# Problem details
All lines in the records below from the line with "Скутер Micro Mini Deluxe Pink LED (MMD075)" through the line with "Conta LOL Diamante 4" are to be given again exactly, both ends included; the pictures are to be left out.

# Supplied material
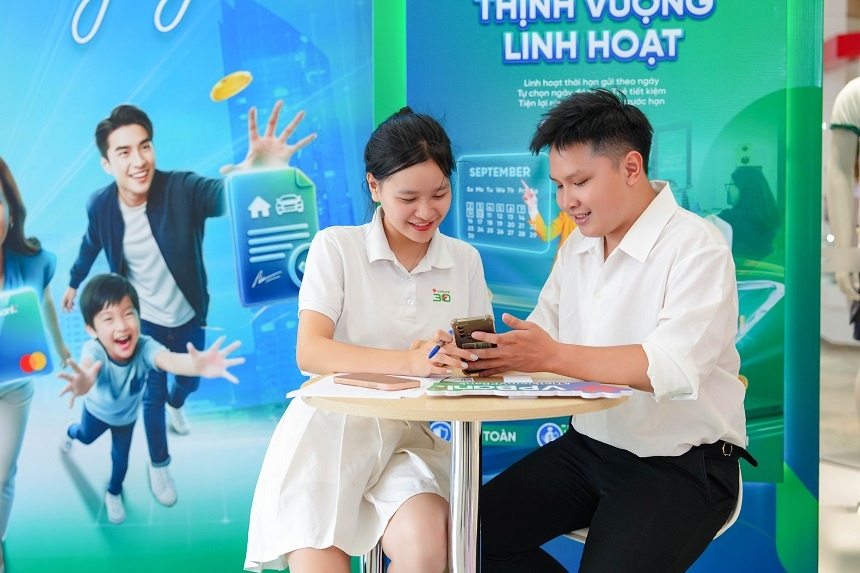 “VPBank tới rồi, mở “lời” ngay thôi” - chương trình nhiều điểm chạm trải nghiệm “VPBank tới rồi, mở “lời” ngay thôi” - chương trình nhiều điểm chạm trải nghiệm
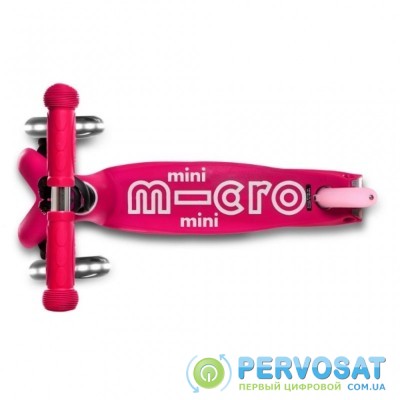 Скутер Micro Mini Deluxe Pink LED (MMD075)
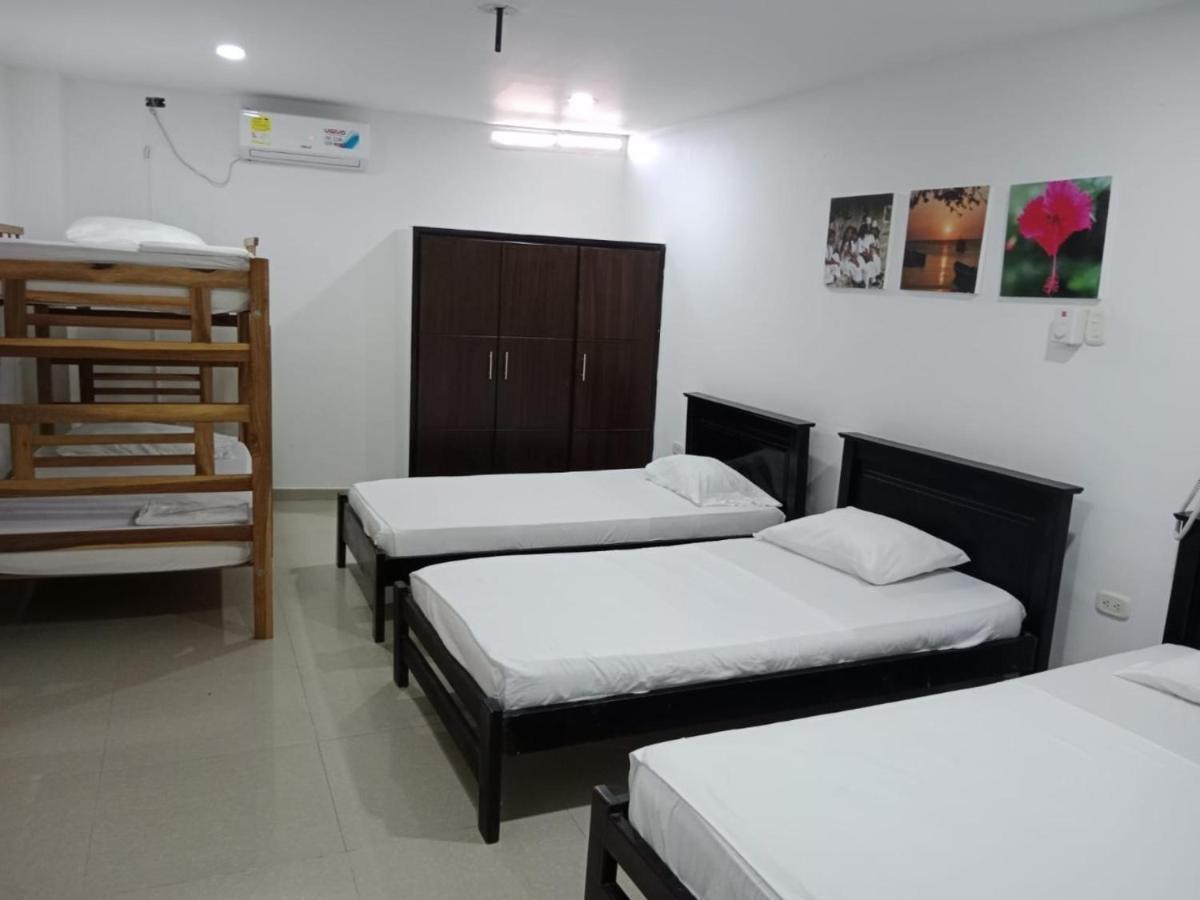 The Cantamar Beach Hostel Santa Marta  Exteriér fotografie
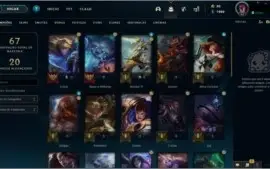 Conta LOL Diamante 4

--

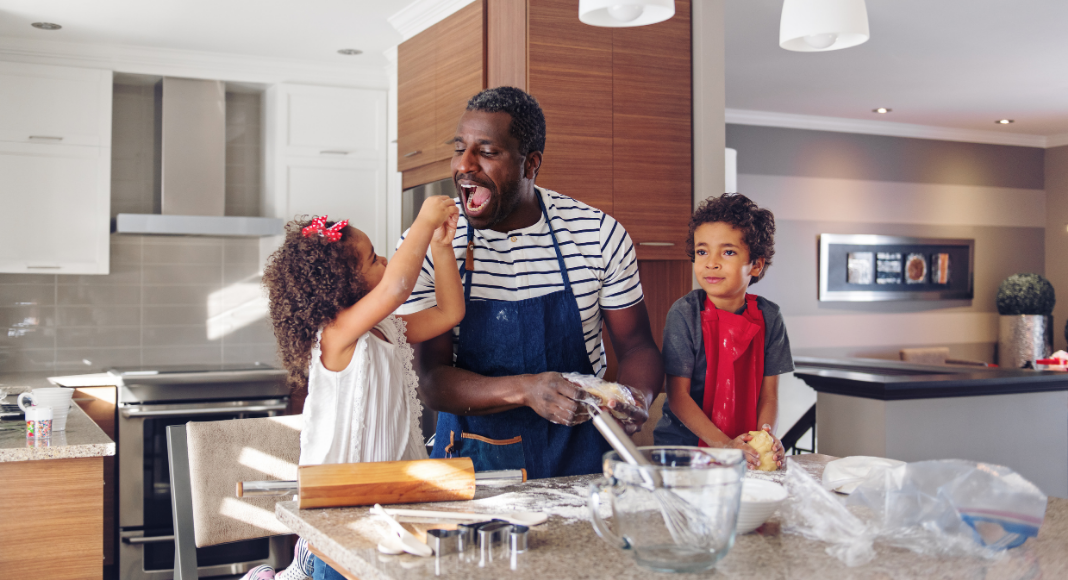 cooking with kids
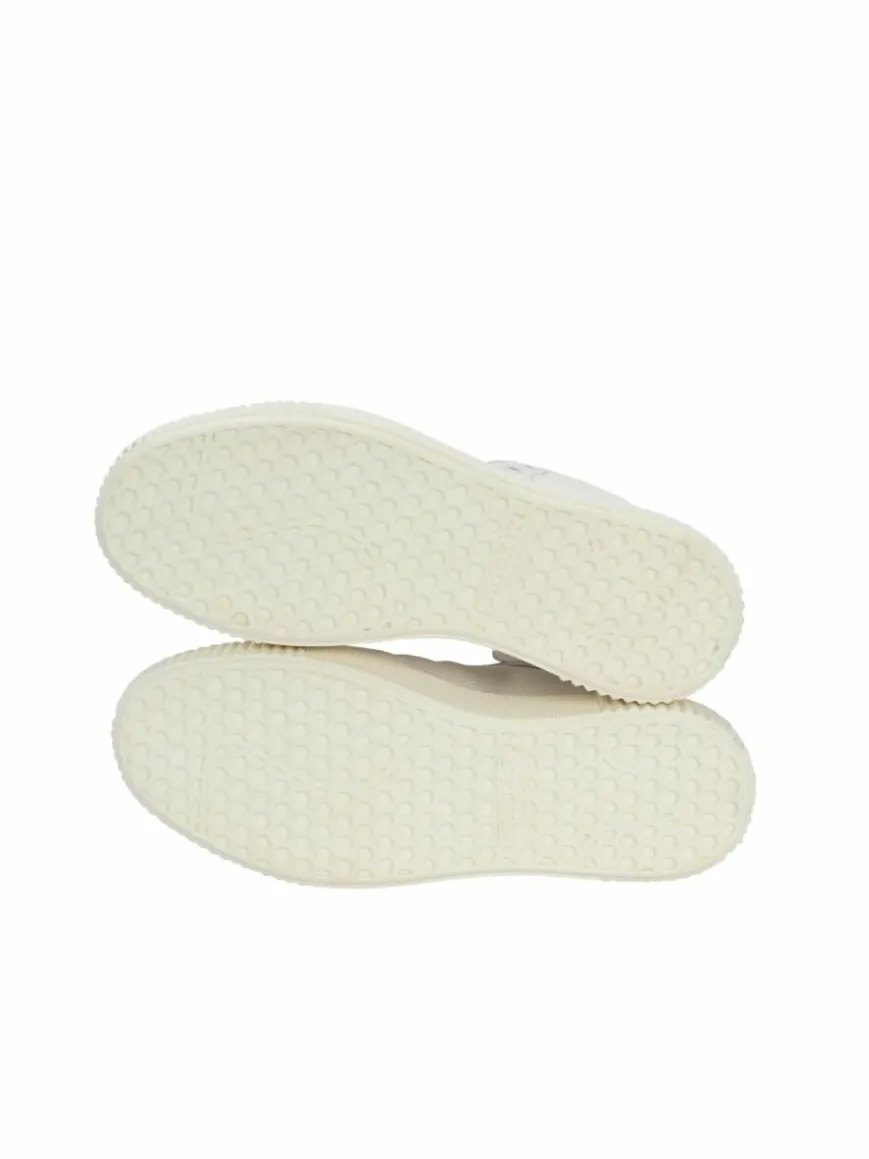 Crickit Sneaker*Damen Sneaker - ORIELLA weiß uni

# Task answer
 Скутер Micro Mini Deluxe Pink LED (MMD075)
 The Cantamar Beach Hostel Santa Marta  Exteriér fotografie
 Conta LOL Diamante 4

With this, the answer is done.